De Hollandsche Revue/Jaargang 21/Nummer 7/De Beweging
‘De Beweging’ door een anonieme schrijver |
Afkomstig uit De Hollandsche Revue, jaargang 21, nummer 7 (23 juli 1916), p. 474-475. Publiek domein. |
DE BEWEGING.
Dr. H. P. Berlage heeft in den afgeloopen winter Denemarken bezocht en in de Juli-aflevering van „De Beweging” vinden we nu van zijn hand een artikel over „Een Reis naar Kopenhagen”. De architekturale verschijning van de hoofdstad van Denemarken is als van elke zich ontwikkelende stad, drieledig. De eerste periode gaat tot aan den barokstijl, de tweede van barokstijl tot den modernen tijd, en de derde bevat den modernen tijd, waarbij dan inbegregen is de korte periode van het neo-grec. Wat Kopenhagen zoo belangrijk maakt is z.i. juist het tijdvak van den baroktijd, waarvan het een stuk stadsaanleg bezit zooals slechts weinig steden buiten Frankrijk kunnen aanwijzen. Vandaar dan ook de groote veelzijdigheid van het Kopenhaagsche stadsgezicht, de interessante afwisseling van de arehitektuur, waaraan men terstond de stad met een groote geschiedenis herkent. Deze doorelkandergroei van de verschillende periodes heeft z.i. toch niet veel bedorven, al is menig monument natuurlijk geofferd; toch getuigt de wijze van invoeging van het Amaliaplein met zijn toegangsstraten in het oude stadsgedeelte van het groote meesterschap van de kunst van stedenbouw in de 18e eeuw.

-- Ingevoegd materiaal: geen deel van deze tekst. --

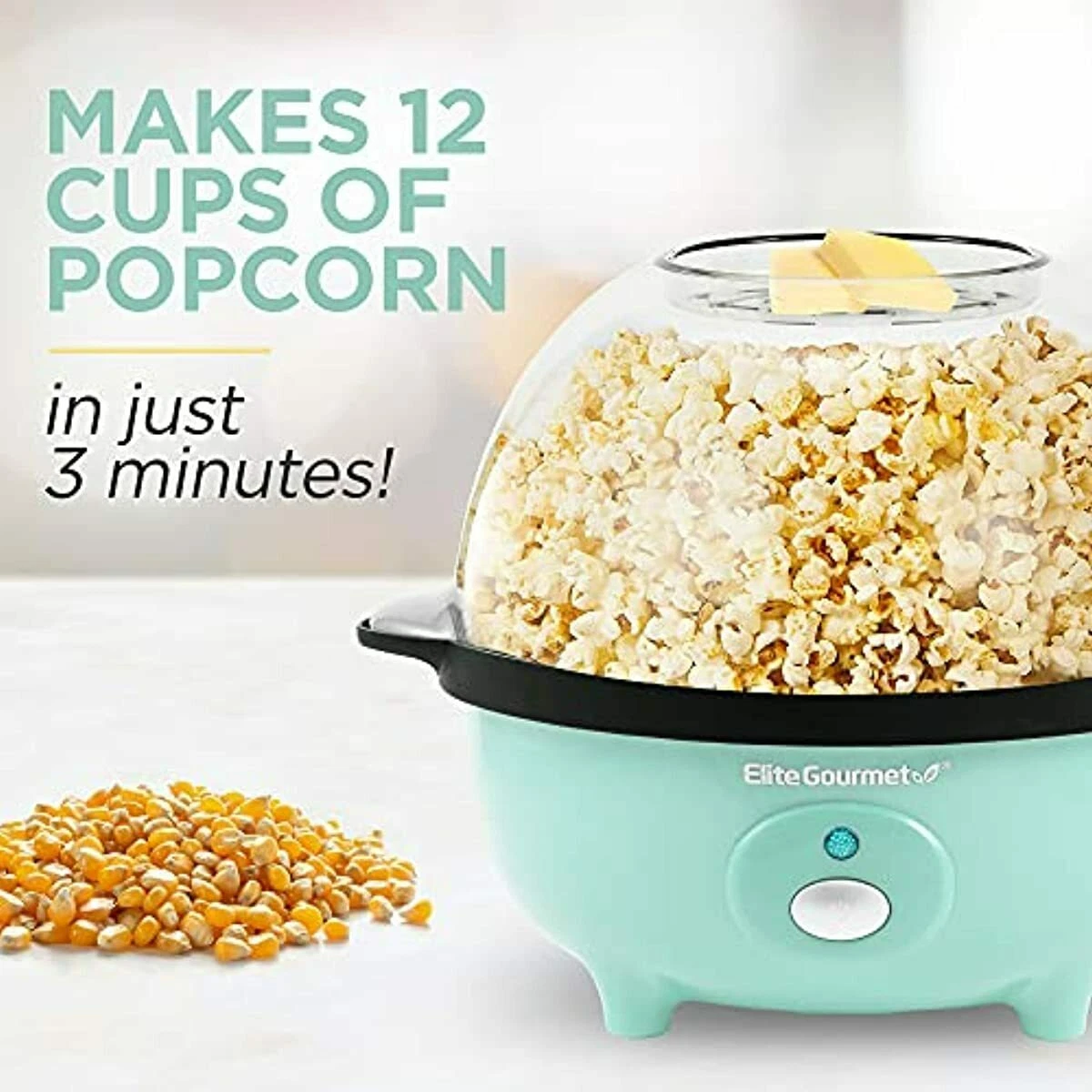 Popcorn Machine, 6-Quart Popcorn Popper maker, Nonstick Plate, Electric  Stirring with Quick-Heat Technology, Cool Touch Handles (Black)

Het nieuwe Raadhuis staat z.i. in de architekturale ontwikkeling van Denemarken, hoewel aan het begin van de moderne periode, toch eenigszins op de plaats van het Rijksmuseum bij ons, waarmede het ook in stijlopvatting, vooral wat de binnenarchitektuur betreft, veel overeenkomst heeft. Het is de schakel tusschen oud en nieuw, de reaktionaire daad tegen de smakelooze neo[ 475 ]renaissance, maar nog niet met het bevrijdende gebaar van den werkelijk modernen geest. Werd Cuyper’s museum beïnvloed door de middeleeuwsche kunst van het Noorden, de prikkel tot Nyrop’s raadhuis moet in het middeleeuwsch Italië worden gezocht. Daarom bij het eerste het bewegelijk getorende silhoeët met het sprekende venstermotief, dat immers aan het huis van Maarten van Rossum te Zaltbommel is ontleend, en bij het tweede het horizontaal massale met een gedeeltelijk gekantelde luchtlijn, waaraan het vensterdétail in zekeren zin ondergeschikt blijft.

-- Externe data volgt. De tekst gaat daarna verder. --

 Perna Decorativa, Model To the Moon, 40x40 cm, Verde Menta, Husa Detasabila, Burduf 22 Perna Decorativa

Aart van der Leeuw heeft de mythe van „De drie Gratiën” verwerkt tot een verhaal; Dr. P. N. van Eyck geeft weder „Mijmeringen”; en de heer G. E. G. Meuleman vertaalt weder een hoofdstuk uit „Snorre’s Edda”, nml. dat van Skáldskaparmál, wat „Over de Dichtkunst” beteekent.
Poëzie is er van wijlen Maurits Uijldert, van Dr. H. van Loon en van den heer Karel Wasch, terwijl de heer Theo van Doesburg zijn beschouwingen over „De nieuwe Beweging in de Schilderkunst” voortzet.